It was clear from the start of the Great Recession that state government needed to reduce spending. Tax collections were not meeting projections and the red ink was rising.
Last year, state officials imposed a hiring freeze in an effort to keep the growing budget crisis in check. At that time, it appeared to be a wise move.
The hiring freeze didn't dramatically reducing hiring or spending on salaries.
The fact is that thousands of new employees were added to the payroll to replace those who left since the freeze began in early 2010. Lawmakers exempted some positions (mostly for public safety reasons) from the freeze, but then state officials approved on a case-by-case basis nearly 2,000 special exemptions.
In the end, state government shrunk slightly over the last year, according to a report in The News Tribune of Tacoma. The state employed 110,000 full-time workers on average in fiscal 2010, excluding elementary school and high school employees. Through the first 11 months of fiscal 2011 that ended last week, the work force dropped to an average of 107,600.
So the wage freeze kinda worked. Still, it was more like a slushie. It's biggest impact was to give those overseeing it brain freeze.
The governor's budget office has shelves loaded with exemption forms that attest to the paperwork hassle, wrote News Tribune reporter Jordan Schrader. The office even justified one hire by saying the employee was needed to process hiring exemptions.
At one time, Budget Director Marty Brown was emphatic that his office would not go through the freeze for one more year.

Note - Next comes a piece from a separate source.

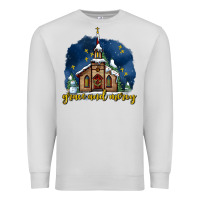 Dove Grey Christmas church and snow grace and mercy Premium Sweatshirt - AdoDesignShop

"If they (the Legislature) put it in, we're not doing it," Brown said. "It is micromanaging to the nth degree."
He has since -- politics being politics -- softened his position.
Nevertheless, Brown's concern about micromanaging has merit. An across-the-board hiring freeze dotted with myriad exemptions is not a very efficient way to get work done.
It is our hope that new approach to keeping a lid on spending is more effective as well as efficient. Lawmakers budgeted for fewer workers -- 106,500 -- for the two-year budget period that started this month.
Lawmakers have passed a budget that set the number of employees across state government. Agencies have a specific amount of dollars to operate with and they will have to manage those resources. The agency heads have the power to hire within their budget levels.
"It's important that the colleges be able to look at their student and community needs and make decisions without having them second guessed by Olympia," said John Boesenberg, director of human resources for the State Board for Community and Technical Colleges.
But state agency leaders must make wise decisions or another hiring freeze, inefficient as it might be, should be imposed.